1. The simplest index

If the query id is 4, only full table scan can be performed without index.

Now you need to design an index for the primary key, which is essentially the primary key directory.

A primary key directory is a directory that combines the page number of a data page with the smallest primary key value in the data page to form an index.

With the primary key directory, and then through the primary key to query data is not convenient. If you want to query the data with ID =3, you will first compare it with the minimum primary key in the primary key directory, that is, with the minimum primary key of each data page. It is found that id=3 is greater than the minimum primary key value of data page 2 1, and less than the maximum primary key value of data page 8 4.

Note The data whose ID is 3 must be in data page 2.

This is the simplest and most basic index concept.

2. Physical storage structure of index page based on B+ tree

Now that we know the index of the primary key directory implementation, there is a problem if the data in a single table is too large, reaching millions or tens of millions or even hundreds of millions. How can we store a large number of data pages and minimum primary key values in the primary key directory?

At this time, is to take the index data stored in the data page to solve the way.

That is, the actual data in the table is stored in the data page, and the index data is also stored in the page.

The index page stores the minimum primary key and data page number.

When there are more and more data pages, there will be more and more index pages, and it becomes very inefficient to query the corresponding data pages through index pages.

At this point, an additional level is added to the index page. At the higher level, the page number of each index page and the minimum primary key value in the page are saved.

If you want to find the data with id=46, first go to index page 35 and then use dichotomy to quickly locate the data in index page 20. Then from the index page 20 through the binary search location, it will find that the data id=46 is in the data page 8, through the binary search of the directory page, query the data ID =46.

If the top-level index page contains too many lower-level index pages, it needs to be layered again

The index page structure is a tree structure. The index page of the non-leaf node stores the page number and minimum primary key value of the index page, while the index page of the leaf node stores the data page and minimum primary key value.

3. Cluster index

The physical storage structure of the index page shows how data is queried through primary key indexes.

In other words, the index page of the corresponding leaf node is found through the binary search of the primary key, and then the corresponding data page is found through the binary search of the corresponding slot through the page directory, and then the corresponding data row is traversed through the data in the slot.

In other words, the index page of a leaf node is the data page itself.

This is also the clustered index of a B+ tree consisting of index pages + data pages.

So, in The InnoDB engine, when you add or delete data, you put data pages directly into the cluster index, the data is in the cluster index, and the cluster index contains the data.

When a page split occurs, data rows are adjusted internally to ensure that the primary key values in the data page are in order and that all primary key values in the next data page are greater than all primary key values in the previous data page.

The upper index data structure is maintained while the page is split. Maintain your index entries in the upper index page. If there are more and more data pages, the corresponding index page can not fit, at this time will appear a new index page and then make an upper index page.

4. Secondary indexes

Suppose you want to index other fields, such as name, age, and so on, all of which are similar.
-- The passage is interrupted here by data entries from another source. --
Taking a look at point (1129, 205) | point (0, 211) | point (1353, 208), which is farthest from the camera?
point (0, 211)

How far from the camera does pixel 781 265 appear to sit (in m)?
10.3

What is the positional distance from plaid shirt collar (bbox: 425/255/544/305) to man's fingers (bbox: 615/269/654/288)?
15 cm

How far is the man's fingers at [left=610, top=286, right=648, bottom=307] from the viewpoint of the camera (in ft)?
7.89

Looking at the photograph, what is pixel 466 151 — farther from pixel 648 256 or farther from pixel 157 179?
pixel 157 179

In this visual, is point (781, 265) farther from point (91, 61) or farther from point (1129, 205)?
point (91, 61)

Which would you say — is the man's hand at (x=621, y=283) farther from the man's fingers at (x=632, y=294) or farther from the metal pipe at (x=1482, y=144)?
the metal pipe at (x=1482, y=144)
Now to build an index for the name field, so the data is then insert, on the one hand, the complete data is inserted into the leaf nodes of the cluster index data page, on the other hand, for the name field to regenerate a B + tree, the B + tree leaf nodes and data page, but this data page only for primary key field, and the name field

This is a B+ tree independent of the cluster index, which is an index B+ tree built based on the name field. As for the sorting rule of the data page of the leaf node, it is sorted according to the size of the name value as before. Meanwhile, the value of the name field in the next data page is greater than the value of the name field in the previous data page.

In this B+ tree, the non-leaf nodes store the index page number and the minimum name field value; The leaf node stores the primary key field and the name field value

This is based on the name field value to search data, the search process is consistent, from the root node layer down, through binary search quickly locate the data page.

SQL > select * from user where name = ‘zangsan’; SQL > select * from user where name = ‘zangsan’; SQL > select * from user where name = ‘zangsan’;

Then we need to do the table back. It also needs to locate the complete data row corresponding to the primary key by starting from the root node and finding the data page of the leaf node in the cluster index. Only then can all fields required by SELECT * be returned.

Therefore, such indexes based on ordinary fields are called secondary indexes.